# Imports

In [1]:
import warnings
import pandas as pd
import numpy as np
from helper_functions.file_io_functions import detect_raw_files, load_processed_data, create_excel_file_from_dict
from helper_functions.cleanup_functions import raw_cleanup
from helper_functions.edges_clusters import find_name_adresse_doubletten
from helper_functions.filter_muster_organisationen import general_exclusion_criteria_personen, find_portal_vs_physisch_doublette, find_email_doubletten
from helper_functions.filter_muster_personen import filter_personen_connected_to_same_organisation, split_groups_mitarbeiter_admnistrator
from helper_functions.analyses_formatting import final_touch_batch, final_touch

# This extension will cause imported modules to be reloaded if there were changes made.
%load_ext autoreload
%autoreload 2

# Disable some annoying warnings. 
pd.options.mode.chained_assignment = None
warnings.simplefilter(action='ignore', category=FutureWarning)

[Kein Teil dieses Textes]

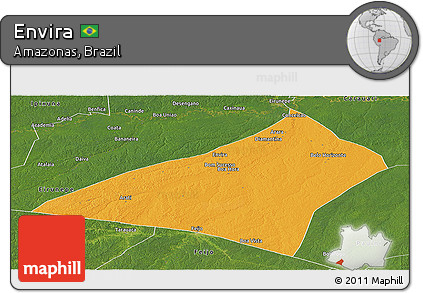 Political Panoramic Map of Envira, satellite outside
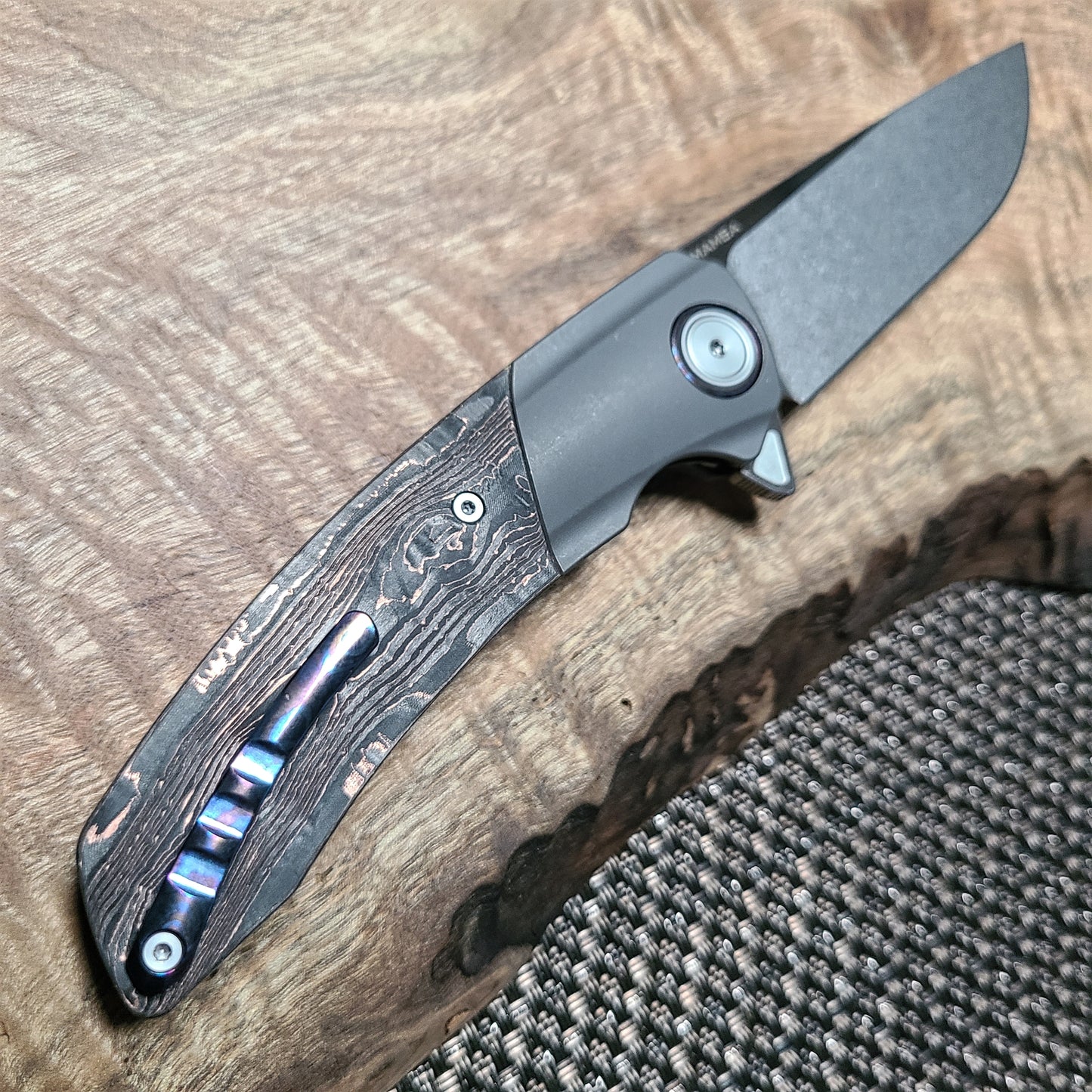 Maxace M16B Mamba Dark Grey Titanium/Copper Foil CF S90V Folder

# Set the global number formatting
np.set_printoptions(precision=2, suppress=True)

## Loading Data & Basic Cleanup

In [14]:
# To check if all required Expertensuche files exist.
raw_files, error_message = detect_raw_files("../GraphViewerApp/data/")
if error_message:
    print(error_message)

In [15]:
# Needs to be run only once, does processing for personen_ and organisationen_ analyses. Processed data can then be loaded from cell below this.

df_organisationen, df_personen = raw_cleanup(raw_files, skip_hyperlink_step=True)  # Takes >5 min
_, df_personen_inkl_sonstiges = raw_cleanup(raw_files, remove_personen_Sonstiges=False, skip_hyperlink_step=True)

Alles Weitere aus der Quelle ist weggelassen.